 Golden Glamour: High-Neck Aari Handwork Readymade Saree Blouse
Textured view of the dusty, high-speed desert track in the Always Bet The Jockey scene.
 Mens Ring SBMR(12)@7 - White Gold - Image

--

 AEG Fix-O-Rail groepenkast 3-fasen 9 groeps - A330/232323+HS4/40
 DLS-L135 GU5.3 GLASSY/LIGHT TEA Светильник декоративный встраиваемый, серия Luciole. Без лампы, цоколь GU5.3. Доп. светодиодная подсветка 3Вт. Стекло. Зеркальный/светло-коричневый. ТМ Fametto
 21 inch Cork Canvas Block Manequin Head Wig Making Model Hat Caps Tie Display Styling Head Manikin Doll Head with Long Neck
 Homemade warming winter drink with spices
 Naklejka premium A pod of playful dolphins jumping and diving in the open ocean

--

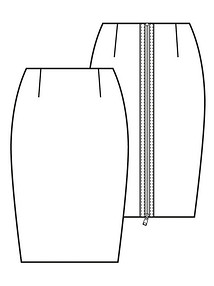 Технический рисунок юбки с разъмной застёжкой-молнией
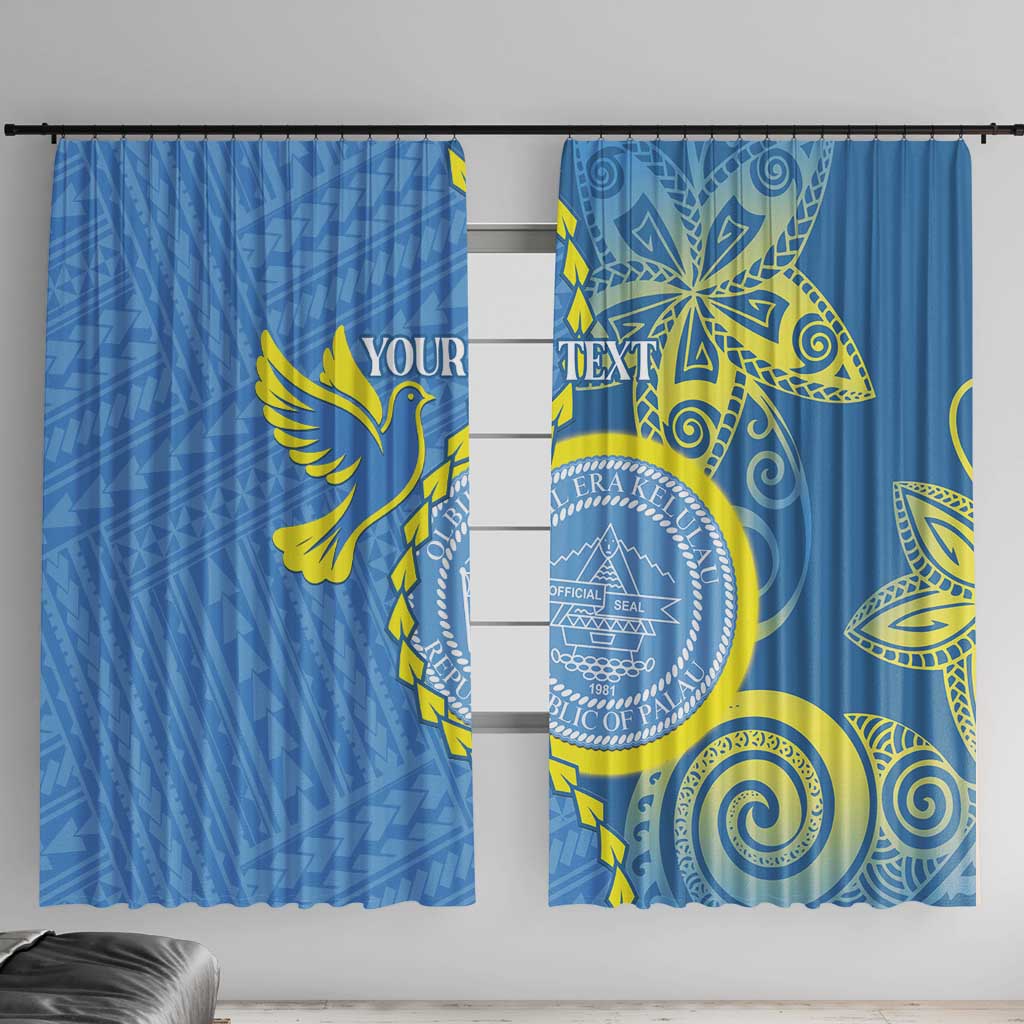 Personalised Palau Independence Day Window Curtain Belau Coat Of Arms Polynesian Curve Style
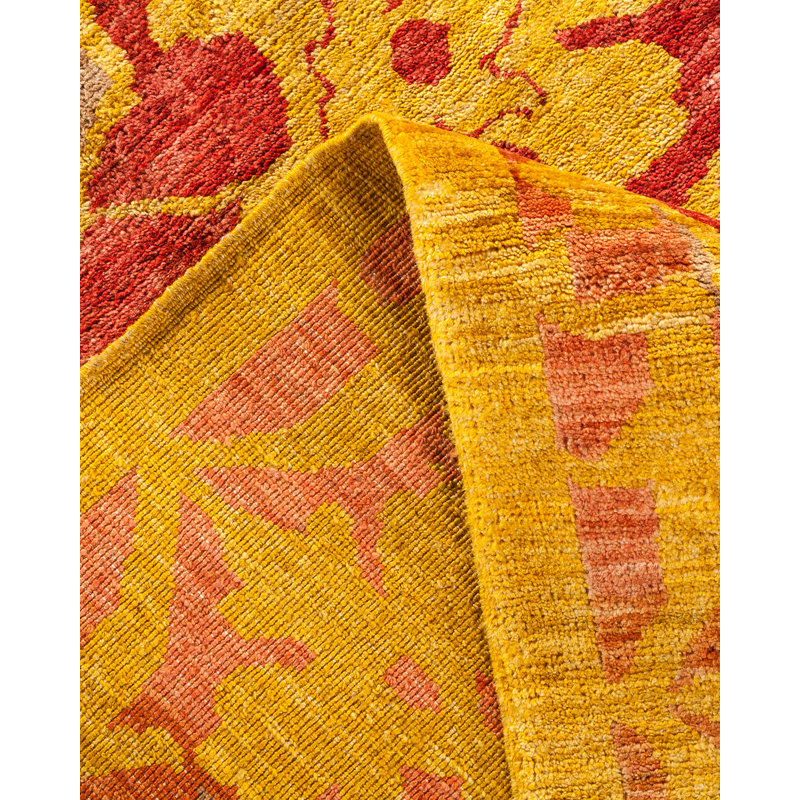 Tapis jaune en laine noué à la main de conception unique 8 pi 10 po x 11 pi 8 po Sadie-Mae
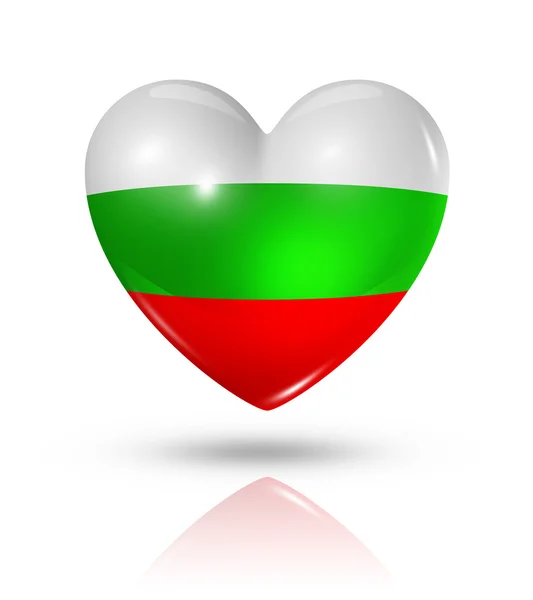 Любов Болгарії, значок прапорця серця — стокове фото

--

Return exactly the lines that appear in the data above between the line containing "Tapis jaune en" and the line containing "Любов Болгарії, значок", both of which are included, and leave the pictures out.

 Tapis jaune en laine noué à la main de conception unique 8 pi 10 po x 11 pi 8 po Sadie-Mae
 Любов Болгарії, значок прапорця серця — стокове фото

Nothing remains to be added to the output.